Pages 556-557, transcribed by Carolyn Ward from History of Allen and Woodson Counties, Kansas: embellished with portraits of well known people of these counties, with biographies of our representative citizens, cuts of public buildings and a map of each county / Edited and Compiled by L. Wallace Duncan and Chas. F. Scott. Iola Registers, Printers and Binders, Iola, Kan.: 1901; 894 p., [36] leaves of plates: ill., ports.; includes index.



 

556 cont'd HISTORY OF ALLEN AND  

WILLIAM H. LING.

WILLIAM H. LING, of Iola township, who resided in Kansas since 1881 and in Allen county since 1883, was born on Canadian soil but of British parents. January 12, 1841, he was born near Charlottetown, Prince Edward Islands, and died near Iola, Kansas, February 19, 1901. His father, George R. Ling, was a grain merchant who carried on his business in St. Thomas, Ontario, to which point he migrated with his family in 1848. He was born in England in 1852 and came to Prince Edward Island at eleven years of age. He died near St. Thomas, Canada, in 1857.

Our subject's mother was Mary Taylor, now a resident of Ingham county, Michigan. She was born in 1819 and is the mother of William H. Ling, deceased; Mary A. Young, wife of William Young; Mary A. and her next sister, Martha, are both deceased; Maria, who married William Jacobs, resides in Lincoln, Nebraska; George R. Ling, of Ingham county, Michigan; Eliza, deceased, married a Mr. Young; Robert A. Ling, of Los Angeles, California; Frank Ling, a methodist minister, in Ingham county, Michigan; Adaline and Josephine, twins, reside in Ingham county, Michigan.

W. H. Ling reached manhood as a farm hand. He continued in this vocation till his entry into the lumber woods soon after reaching his majority. At twenty-three years of age he came to the United States and was married the next year at Howell, Michigan, to Mary J. Buckwell. The couple started life in charge of a large farm in Livingston county, Michigan. Two years of his married life were passed as farm superintendent and concluding his service he went into north Michigan, bought a farm and began its operation and improvement. He seized an opportunity to engage in merchandising at Weberville, Michigan, and, in 1873, lost his all by fire. While casting about for some profitable employment, and at the same time something to his liking, he did a little farming. He soon succeeded in making a contract for furnishing large quantities of charcoal wood and at this he recovered his losses rapidly. He came to Kansas and invested in sheep and cattle in Montgomery county, and between Texas fever and scab he lost much of his stock. In prospecting about for a new location he was pleased with Allen county and located in Iola. He turned

  WOODSON COUNTIES, KANSAS. 557

his attention to the hotel business and ran the old New York house about nine months.

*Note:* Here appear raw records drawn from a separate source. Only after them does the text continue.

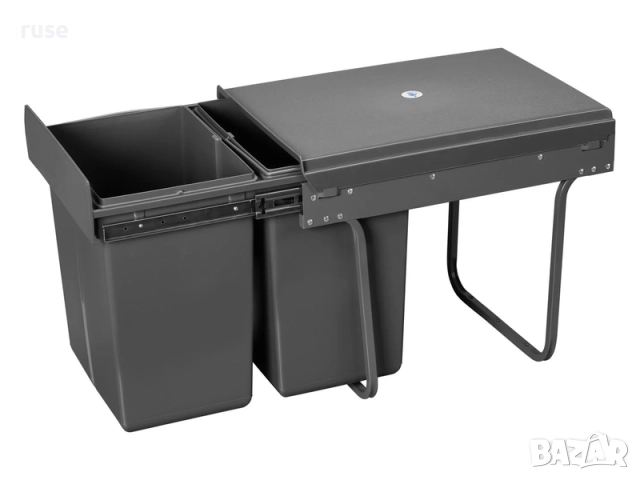 НОВИ! Вградена кофа за отпадъци кош за вграждане плавно затваряне 40 л, снимка 2 - Други стоки за дома - 51694957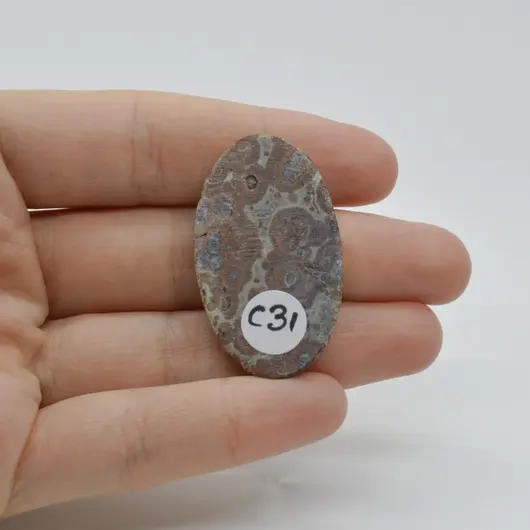 Cabochon Jasp Asteroid 39x23x6mm C31, imagine 2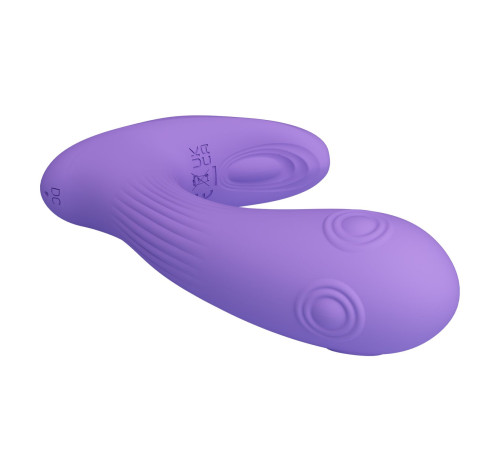 Сиреневый вибратор Andromeda с функцией постукивания
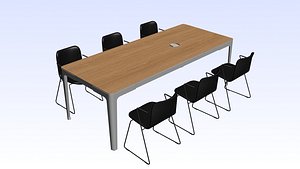 3D model OFFICE MEETING DESK 02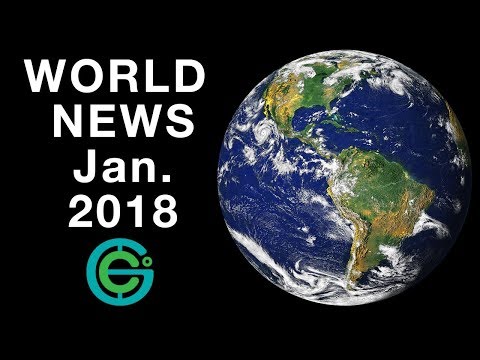 世界新聞2018年1月（現在地理） (WORLD NEWS January 2018 (Geography Now))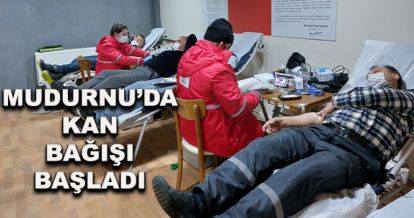 Mudurnu'da kan bağışı başladı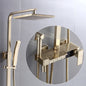Gold Piano Digital Display Bathroom Shower Set Brass Bathroom Faucet Accessories Thermostatic Digital Bathroom Shower System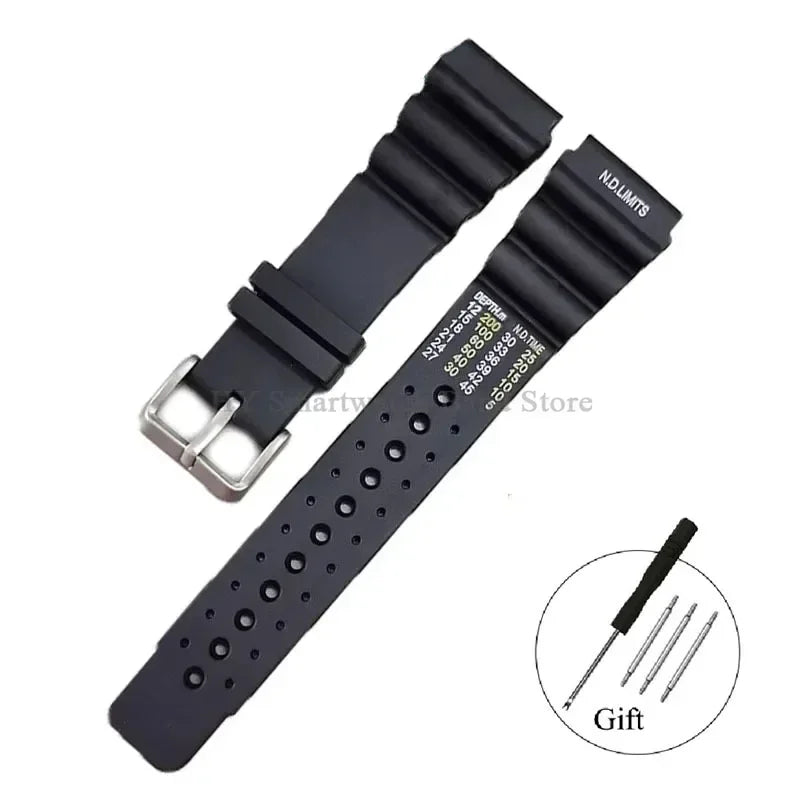 ND Limits Diver Silicone Watch Strap 20mm 22mm 24mm for Seiko SKX007 for Citizen Sport Wrist Band Replacement Men Women Bracelet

He next purchased the Joslyn delivery business and conducted it and carried the express for a year. The following five years he was engaged in the ice and coal business. He then established the "Star Lunch Room," the predecessor of the "Our Way," and for many years found it a profitable enterprise. Upon disposing of it to the Wilhites he exchanged his home in Iola for one of the best eighties of land in Allen county and took possession of it soon after.

Mr. Ling's first wife died in Michigan, Ingham county, in 1872, leaving him two sons, Albert A. Ling, of Iola, and Edward E. Ling. In 1882 Mr. Ling was married in Montgomery county, Kansas, to Nora McGuire, who was reared by A. K. Miller, of Coffeyville, Kansas. She was born in Marshall county, Indiana, in 1862 and is the mother of ten children, viz: Lena, deceased; Lulu, Howard, Walter, Edna, Irvin, Aldo, William, Helen and Jennie.

Mr. Ling cast his first presidential ballot for U. S. Grant in 1868. He found it to his interest to remain a Republican and it was his disposition to assert himself upon public questions whenever he was challenged. He served in the Second ward of Iola three terms in the City Council and made an active member. He took sides with the proposition for city ownership of the gas plant and supported it with all the energy he possessed. He was also a member of the school board in his district and was in thorough accord with advanced notions of education.